Other important proposals outlined in the consultation paper include:
rebasing of PIF fees to enhance the Bailiwick’s competitive position in the funds sector, with a change to the structure of fees for banded investment licensees consequent adjustments for designated administrators
adjustment to the banded fiduciary fees in recognition of, and in response to, the growing disparity between firms at the top and bottom of the higher bandings as a result of recent mergers and acquisitions
introduction of banded fees, rather than a per employee fee, for prescribed businesses to make the costs simpler and fairer for businesses with fewer staff
introduction of fees, based on a “user pays” principle, to reflect the additional work and due diligence needed when positive approval is required for the following requests:
change of designated custodian or designated administrator of a fund
transfer of business between investment or fiduciary licensees
change of general representative for insurance firms
additional fund elements being added to a closed-ended investment fund
linked to the above is the introduction of an annual fee in respect of individual elements or share classes of closed-ended funds, mirroring the fee applicable for open-ended funds
material reduction to VASP fees, aiming to encourage the development of this emerging market as part of the DFI
introduction of application and annual fees for firms wishing to undertake activities under the new equity release framework
The GFSC has reported a number of promotions and changes to its senior leadership roles.
With effect from January 2026, Dr Jeremy Quick will move from being Director of Banking and Insurance to being the part-time Director of Resolution and will work to ensure a proper and economical implementation of the Bank Resolution (Bailiwick of Guernsey) Law, 2025 over the next three years.
Martin McHugh is promoted to Director of Banking and Insurance Supervision following previous roles at the GFSC where he has led on policy development across the banking, insurance, fiduciary, investment and pensions sectors at different times.
Nick Herquin is promoted to Director of Investment, Fiduciary and Pension Supervision and will continue to undertake MONEYVAL / FATF inspection work to ensure that the GFSC remains abreast of evolving international expectations.
Gillian Browning, Deputy Director General (Policy and Supervision), will, inter alia, lead the GFSC’s policy development programme, including the new policies being co-developed with both industry and the legal community under the Digital Finance Initiative.
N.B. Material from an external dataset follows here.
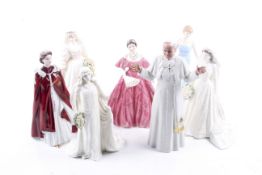 A collection of seven porcelain figures.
In this work she will be supported by Jon Tooley and Lisa Peterson, who also remains the GFSC’s Chief Actuary.
Dr Conor Osborough is promoted to Director of Technology. In his new role, he will champion the GFSC’s internal optimisation of technology to increase efficiency and effectiveness.
Alice Joy, the GFSC Secretary, has had her title amended to Director of External Affairs and, in addition to her current responsibilities, will also be absorbing Nick Herquin’s current duties as Head of International Co-operation and Economic Enhancement.